In this sense, Brycent also sees the future of the metaverse not as one communal utopian virtual space, but as a constellation of projects—here, great video games—boosted by NFT integrations and other blockchain-based applications.
“The metaverse is the next generation of video games,” Brycent said. “Games and ecosystems with their own IP, that’s where I think we’re gonna see this sort of thing thrive.”
Such a reading of the metaverse’s state-of-play may bode far better for the world’s existing powers than for Web3’s native idealists and disruptors. If the metaverse is a means, not an end—if metaverse commerce boils down to branding, and metaverse gaming to storytelling—then what’s to stop corporations who’ve mastered those forms from expanding their dominance into the virtual realm?
“Web2 companies are at a major advantage,” conceded Brycent. “You’re going to see Disney, Nintendo, all these major game companies come in and say, ‘Alright, we’re just gonna add blockchain technology on the backend, our gamers aren’t gonna know the difference, and we’re gonna create amazing experiences.’”
Such a replication of Web2 power structures in Web3 would be a sad state of affairs for metaverse dreamers like Decentraland’s Creative Director Sam Hamilton.
Hamilton admits that his platform has taken a hit in the last few months, thanks to a metaverse hype cycle that he wishes never happened in the first place.
“The eyes of the world came on us too soon,” Hamilton told Decrypt. “Honestly, we probably would have liked to have had another couple of years to improve the products before we got to that stage [of exposure], but it is what it is.”
Hamilton thinks these are only temporary setbacks, though. He’s unshaken in his conviction that years from now—in a decade, if that’s how long it takes—humanity will inevitably shift to an all-encompassing, virtual existence in the metaverse. And he’s doing everything he can to ensure that, when that day comes, Decentraland will have built the foundations of that digital world in a manner that prevents it from falling—like the physical world—into the hands of hyper-centralized corporations.
He concedes that Decentraland’s still-steady core following of around 10,000 people is an ideologically-motivated group that’s sticking around more for the theoretical promise of the metaverse than for tangible perks likely to attract average internet users.
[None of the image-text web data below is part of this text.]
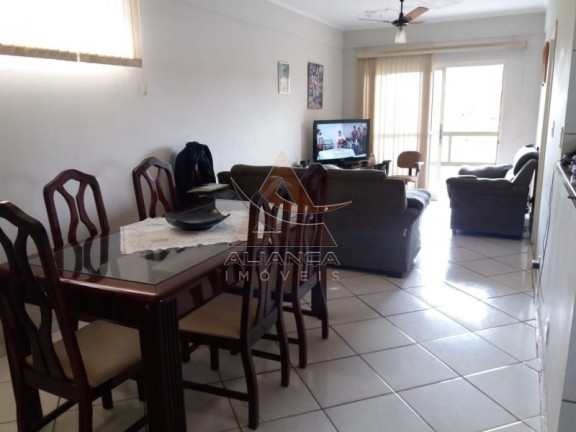 Apartamento com 3 Quartos à Venda, 130 m² em Campos Eliseos - Ribeirão Preto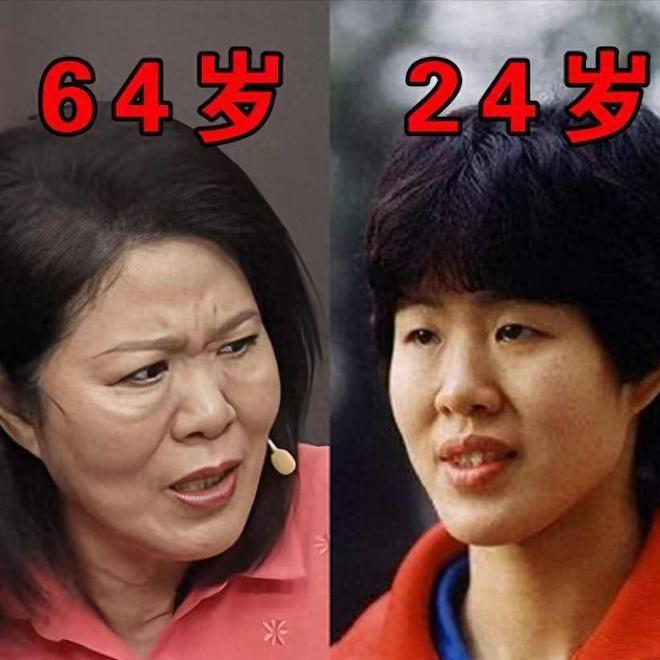 郎平现状：退休定居美利坚穿着朴素戴眼镜偶尔回国处理工作(图3)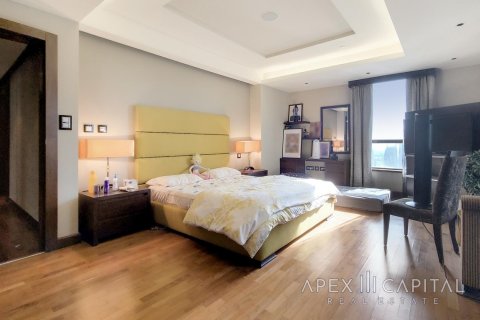Penthouse lakás itt: Jumeirah Beach Residence, Dubai, EAE, 4 hálószoba, 540.3 m², azonosító: 241230 - fénykép 12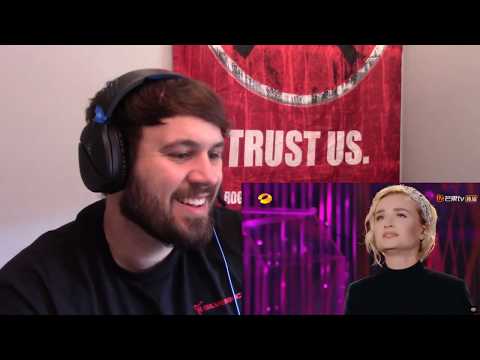 FIRST TIME listening to POLINA GAGARINA (Cuckoo reaction)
“The people who’ve stayed, they’re brought together by philosophies. They want to see the internet move in a different direction,” Hamilton said. “Most people don’t really care about decentralization though.”
Hamilton can’t wait for those masses to change their priorities.
“The truth is, by the time they do care, it will probably be too late,” Hamilton said. “So we have to maintain that philosophy, and we have to fight that battle, even though it makes our job harder.”
Corporate-dominated, isolated microverses may well spell the immediate future for commerce and gaming in Web3, but Hamilton says he’s playing the long game.
“If you projected the metaverse onto cinema, we’re still in the days of silent movies,” he said. “We’ve got so many decades of innovation and invention ahead of us until we get to blockbusters like Star Wars.”
The thing is, silent movies packed theaters too.